By far the most practical thing for people wanting to join us on the Sunday is to meet us at The White Cross pub on the Thames Path on the south bank of the River at Richmond. The Thames Path is signposted from the Richmond overground and Tube stations. The pub is about 5 minutes walk from both stations. Head for the river and you can’t miss it.
We will be getting there around 1pm and setting off again at 2pm with as many new fellow walkers as possible.
The Thames Path then goes through Kew, Chiswick, Barnes and past Hammersmith Bridge which all afford opportunities for people to stop and catch public transport. We end at Putney Bridge by late afternoon,a couple of minutes walk from Putney Tube station.
Unless conditions dictate otherwise we will stick to the south bank of the river.
We are encouraging families and people with disabilities to join us on this Sunday afternoon .
Total walk 16-18 miles (the Richmond to Putney leg is 8 miles).
Monday: Day Three – Putney to Westminster
From Putney Church to Westminster, Old Palace Yard and Not the Global Law Summit Rally (8 miles)
At 9am we meet outside St Mary’s Church, by the bridge in Putney.
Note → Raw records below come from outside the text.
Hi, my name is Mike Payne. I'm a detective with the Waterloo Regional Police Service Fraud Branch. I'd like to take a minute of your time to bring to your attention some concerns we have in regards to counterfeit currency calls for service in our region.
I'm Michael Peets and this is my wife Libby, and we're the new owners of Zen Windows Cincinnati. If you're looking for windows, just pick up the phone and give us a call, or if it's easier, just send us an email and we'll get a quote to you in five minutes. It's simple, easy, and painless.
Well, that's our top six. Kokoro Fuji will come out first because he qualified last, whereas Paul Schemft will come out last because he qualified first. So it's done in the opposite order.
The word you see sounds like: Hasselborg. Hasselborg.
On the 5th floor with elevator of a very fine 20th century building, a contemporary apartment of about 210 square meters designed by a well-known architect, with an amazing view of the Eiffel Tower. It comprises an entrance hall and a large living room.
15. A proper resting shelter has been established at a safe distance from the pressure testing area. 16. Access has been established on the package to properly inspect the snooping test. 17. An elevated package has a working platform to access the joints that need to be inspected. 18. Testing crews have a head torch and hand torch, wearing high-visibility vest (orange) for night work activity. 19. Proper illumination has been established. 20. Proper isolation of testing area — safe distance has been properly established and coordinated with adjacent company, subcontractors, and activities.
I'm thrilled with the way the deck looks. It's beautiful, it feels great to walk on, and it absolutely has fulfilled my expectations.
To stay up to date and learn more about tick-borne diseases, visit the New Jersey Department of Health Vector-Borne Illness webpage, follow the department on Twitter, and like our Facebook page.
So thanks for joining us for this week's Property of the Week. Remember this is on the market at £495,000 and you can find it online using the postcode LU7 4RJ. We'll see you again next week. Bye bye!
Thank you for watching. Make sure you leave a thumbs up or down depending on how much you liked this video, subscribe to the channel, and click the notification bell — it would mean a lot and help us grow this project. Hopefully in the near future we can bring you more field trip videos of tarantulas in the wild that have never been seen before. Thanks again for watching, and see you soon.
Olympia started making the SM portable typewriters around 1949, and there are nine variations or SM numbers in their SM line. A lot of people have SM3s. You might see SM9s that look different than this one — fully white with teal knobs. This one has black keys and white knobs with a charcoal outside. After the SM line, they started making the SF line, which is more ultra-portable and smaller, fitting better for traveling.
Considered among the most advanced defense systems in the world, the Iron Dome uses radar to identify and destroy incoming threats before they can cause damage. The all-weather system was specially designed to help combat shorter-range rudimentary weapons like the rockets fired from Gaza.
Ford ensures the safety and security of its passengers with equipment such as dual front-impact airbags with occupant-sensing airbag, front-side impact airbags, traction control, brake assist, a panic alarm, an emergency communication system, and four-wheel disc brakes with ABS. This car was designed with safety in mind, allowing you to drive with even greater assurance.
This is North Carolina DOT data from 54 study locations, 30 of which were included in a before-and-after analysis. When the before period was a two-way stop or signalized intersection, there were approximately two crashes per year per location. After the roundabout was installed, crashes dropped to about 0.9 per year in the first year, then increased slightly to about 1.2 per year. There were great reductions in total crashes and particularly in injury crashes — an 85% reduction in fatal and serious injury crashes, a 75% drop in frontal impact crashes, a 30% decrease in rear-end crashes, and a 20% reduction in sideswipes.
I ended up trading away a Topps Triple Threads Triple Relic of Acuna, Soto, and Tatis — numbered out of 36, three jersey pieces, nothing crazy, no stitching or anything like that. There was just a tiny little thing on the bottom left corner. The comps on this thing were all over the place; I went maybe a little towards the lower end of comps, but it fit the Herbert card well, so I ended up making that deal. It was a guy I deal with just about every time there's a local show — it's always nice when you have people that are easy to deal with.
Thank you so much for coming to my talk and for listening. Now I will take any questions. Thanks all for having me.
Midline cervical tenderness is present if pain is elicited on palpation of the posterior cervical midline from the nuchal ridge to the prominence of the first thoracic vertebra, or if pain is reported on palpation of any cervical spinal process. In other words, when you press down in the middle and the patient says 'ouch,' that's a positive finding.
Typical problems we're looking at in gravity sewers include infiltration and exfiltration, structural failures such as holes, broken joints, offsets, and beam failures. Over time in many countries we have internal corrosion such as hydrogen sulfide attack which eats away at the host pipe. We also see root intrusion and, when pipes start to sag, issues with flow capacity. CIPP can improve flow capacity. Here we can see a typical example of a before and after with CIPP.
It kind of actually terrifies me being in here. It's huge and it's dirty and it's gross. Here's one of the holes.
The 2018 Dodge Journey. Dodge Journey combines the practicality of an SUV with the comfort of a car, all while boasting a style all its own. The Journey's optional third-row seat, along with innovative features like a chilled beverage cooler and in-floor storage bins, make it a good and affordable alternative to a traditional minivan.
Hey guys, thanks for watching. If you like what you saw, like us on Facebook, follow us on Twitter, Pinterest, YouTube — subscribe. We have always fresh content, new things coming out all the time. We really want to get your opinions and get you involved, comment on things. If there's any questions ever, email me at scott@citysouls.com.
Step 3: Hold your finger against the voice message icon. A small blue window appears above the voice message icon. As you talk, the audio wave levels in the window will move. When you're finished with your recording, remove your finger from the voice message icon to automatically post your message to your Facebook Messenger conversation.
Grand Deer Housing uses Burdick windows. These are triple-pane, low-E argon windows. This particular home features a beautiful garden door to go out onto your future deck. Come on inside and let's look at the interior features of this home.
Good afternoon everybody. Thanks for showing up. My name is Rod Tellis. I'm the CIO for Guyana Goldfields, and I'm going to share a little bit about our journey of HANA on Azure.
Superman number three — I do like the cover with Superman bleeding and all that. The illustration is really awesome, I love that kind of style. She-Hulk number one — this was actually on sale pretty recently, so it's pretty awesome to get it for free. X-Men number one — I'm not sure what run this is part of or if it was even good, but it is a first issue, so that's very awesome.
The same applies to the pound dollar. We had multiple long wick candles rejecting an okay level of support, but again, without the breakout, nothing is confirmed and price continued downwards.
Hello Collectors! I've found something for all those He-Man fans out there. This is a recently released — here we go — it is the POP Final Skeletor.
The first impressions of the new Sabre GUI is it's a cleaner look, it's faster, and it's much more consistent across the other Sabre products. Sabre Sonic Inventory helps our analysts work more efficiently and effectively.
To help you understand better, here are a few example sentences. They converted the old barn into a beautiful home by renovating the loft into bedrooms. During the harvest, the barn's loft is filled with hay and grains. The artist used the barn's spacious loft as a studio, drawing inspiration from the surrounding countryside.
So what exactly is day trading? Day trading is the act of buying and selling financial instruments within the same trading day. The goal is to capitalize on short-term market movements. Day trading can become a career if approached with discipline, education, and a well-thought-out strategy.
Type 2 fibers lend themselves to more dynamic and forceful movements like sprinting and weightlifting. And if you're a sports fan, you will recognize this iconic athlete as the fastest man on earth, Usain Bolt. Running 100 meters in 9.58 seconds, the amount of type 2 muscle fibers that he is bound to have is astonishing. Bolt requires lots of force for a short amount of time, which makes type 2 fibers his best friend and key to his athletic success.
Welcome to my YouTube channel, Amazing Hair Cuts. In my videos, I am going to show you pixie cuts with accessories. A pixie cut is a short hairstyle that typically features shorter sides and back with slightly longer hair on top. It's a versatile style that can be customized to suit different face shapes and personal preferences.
This was the scene of the historic Putney Debates when the New Model Army clashed over the purpose of the English Civil War and Thomas Rainsborough said, "the poorest hee that is in England hath a life to live, as the greatest hee", arguably the earliest claim for modern democracy.
We walk along the south bank until we cross over at Vauxhall Bridge.
We will aim to get to Old Palace Yard by 12.45. The Rally starts at 1pm.
We will be sending twitter updates as to our progress with the hashtag #relay4rights. If people cannot join us at either Runnymede on Saturday 21st or Richmond on Sunday 22nd, they can meet up with us en route on those days. Probably the best thing to do to try to join us is to get on to the Thames Path in front of us then wait for us to arrive.
We will post a contact number for the walk when it is underway on our website and here if we can update this article.
We will have a support mini-bus with water available
For those who are driving to join us from outside London, because we are not doing a circular route it will be more practical to park in London and then take public transport to and from the walk.
It will be fantastic to see you there.